**Problem:** Your output should be the lines below from the one holding "109 HILLSDALE DR Property Photo 1" through the one holding "LEOPARD 24 - photo 10 yacht charter Cannes", transcribed exactly, with no pictures.
------ The input
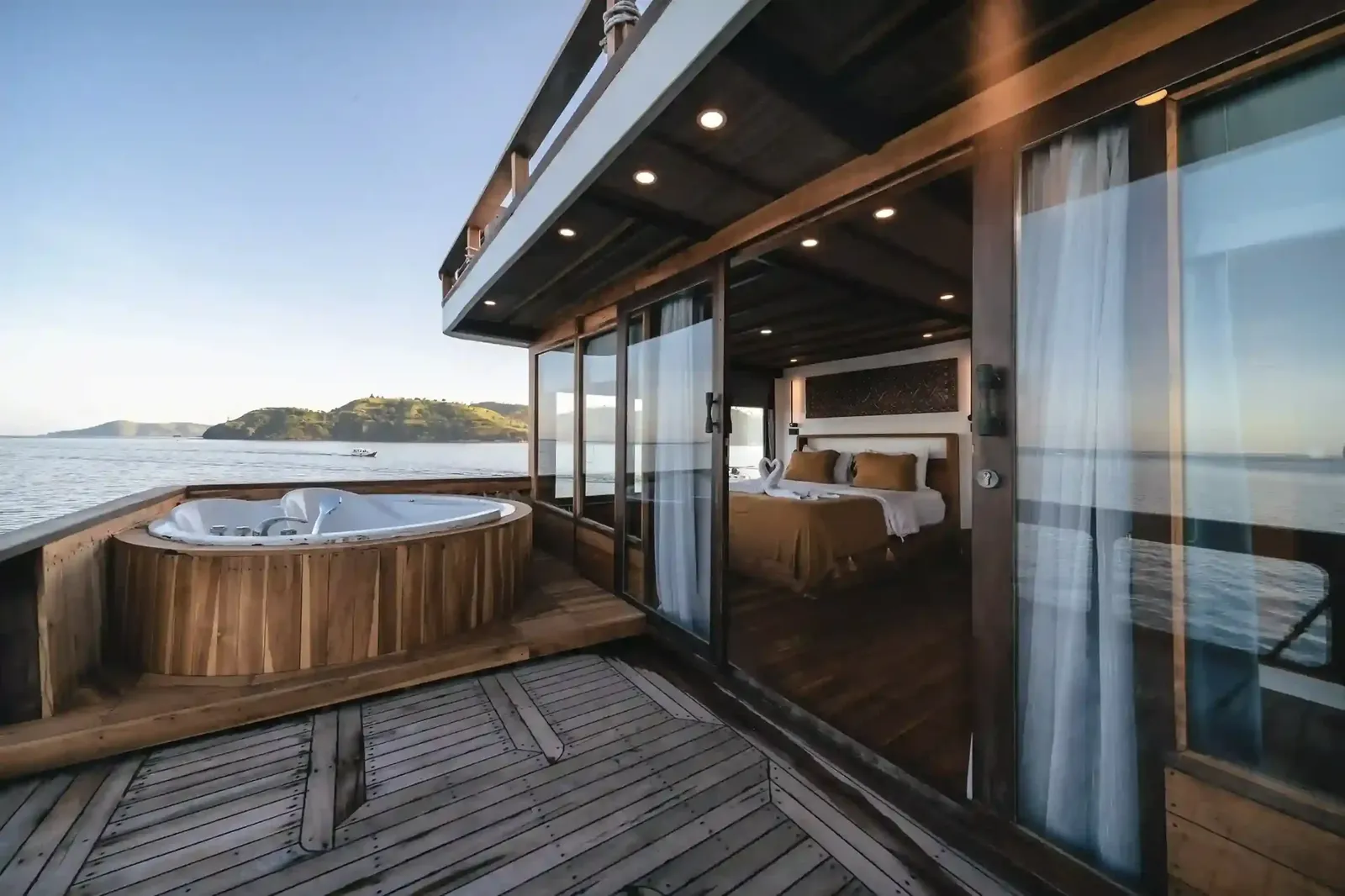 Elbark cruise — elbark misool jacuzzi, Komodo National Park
------------
------ The input
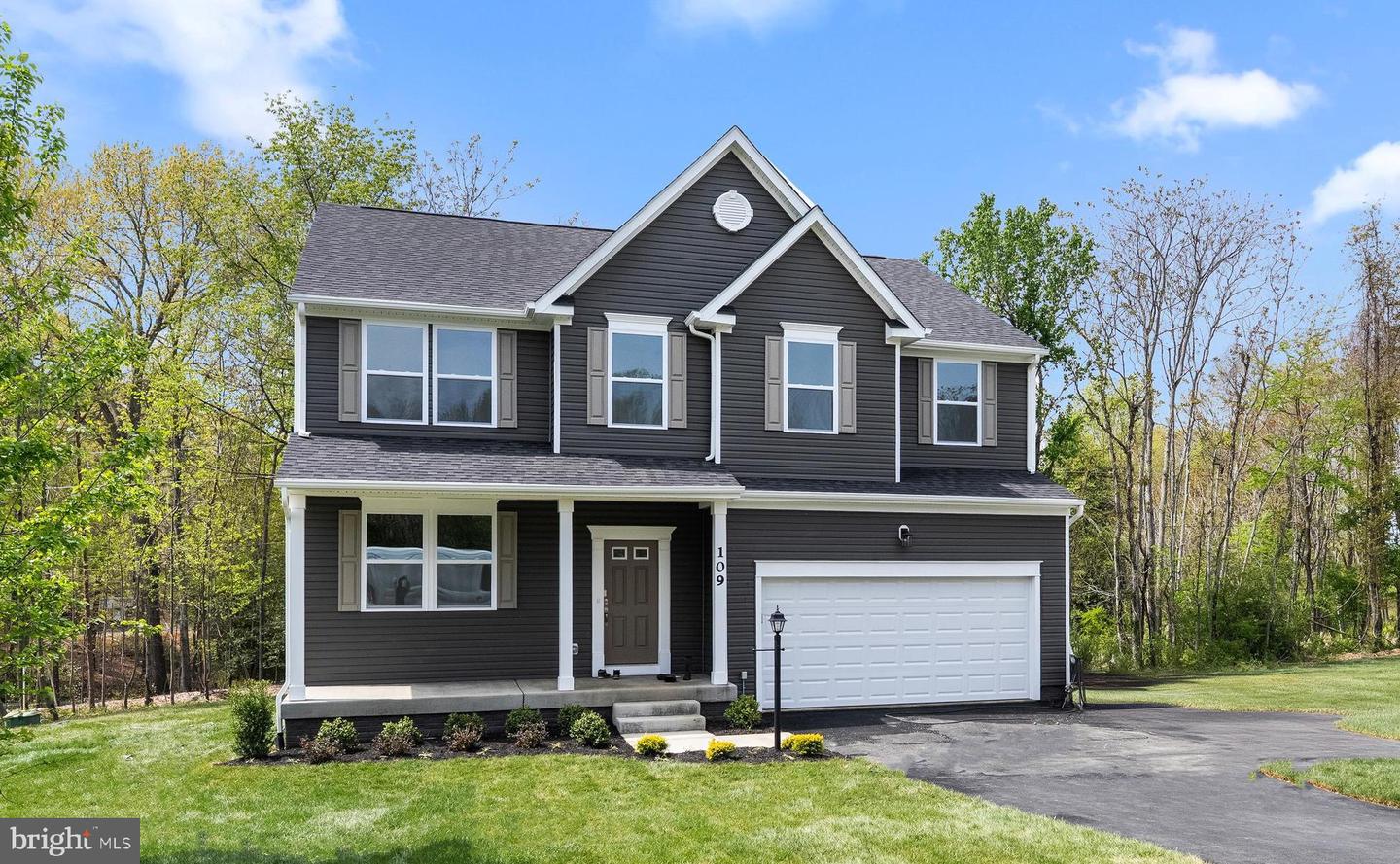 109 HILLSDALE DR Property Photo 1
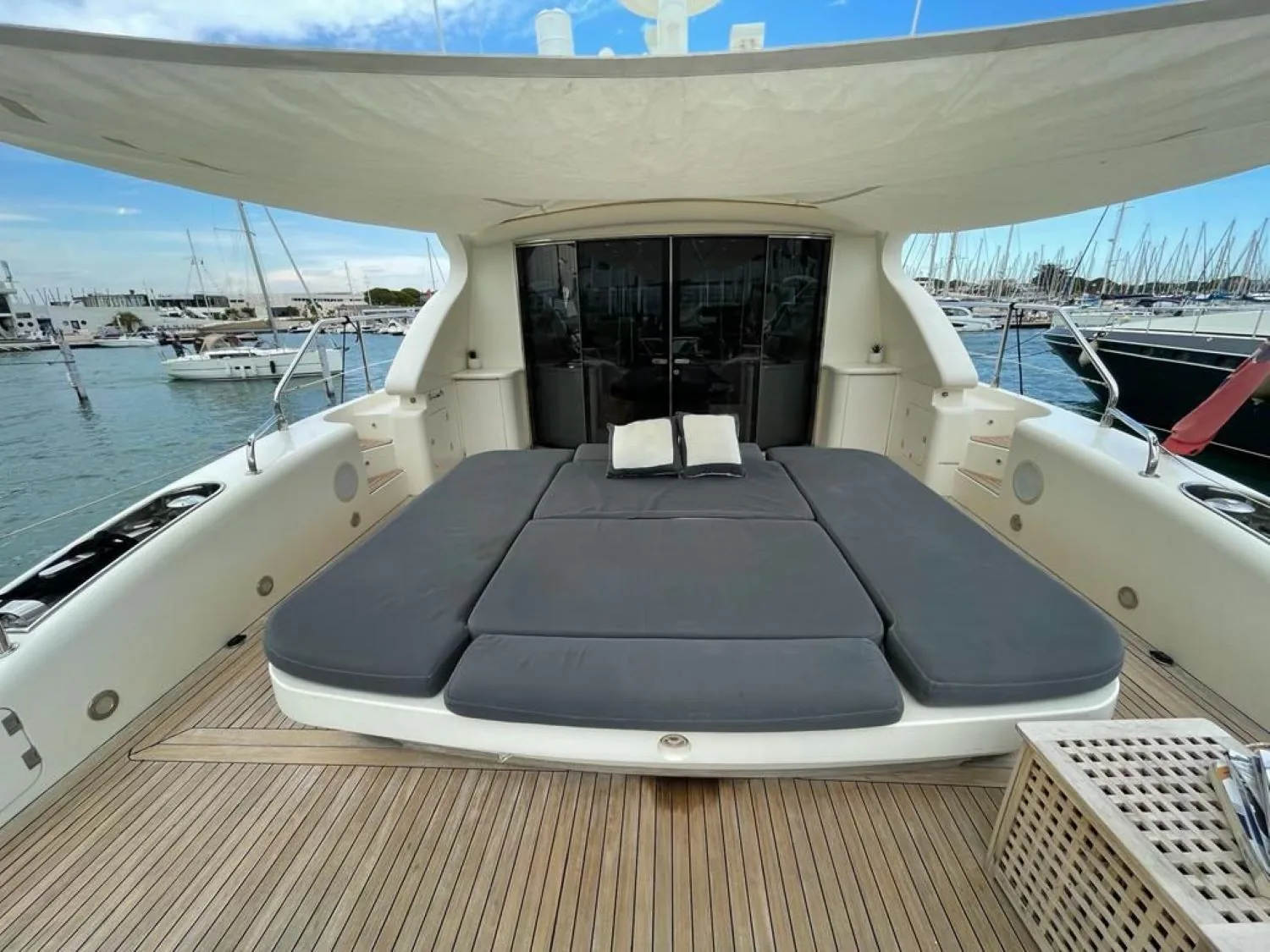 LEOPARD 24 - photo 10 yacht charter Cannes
------------
**Answer:**
 109 HILLSDALE DR Property Photo 1
 LEOPARD 24 - photo 10 yacht charter Cannes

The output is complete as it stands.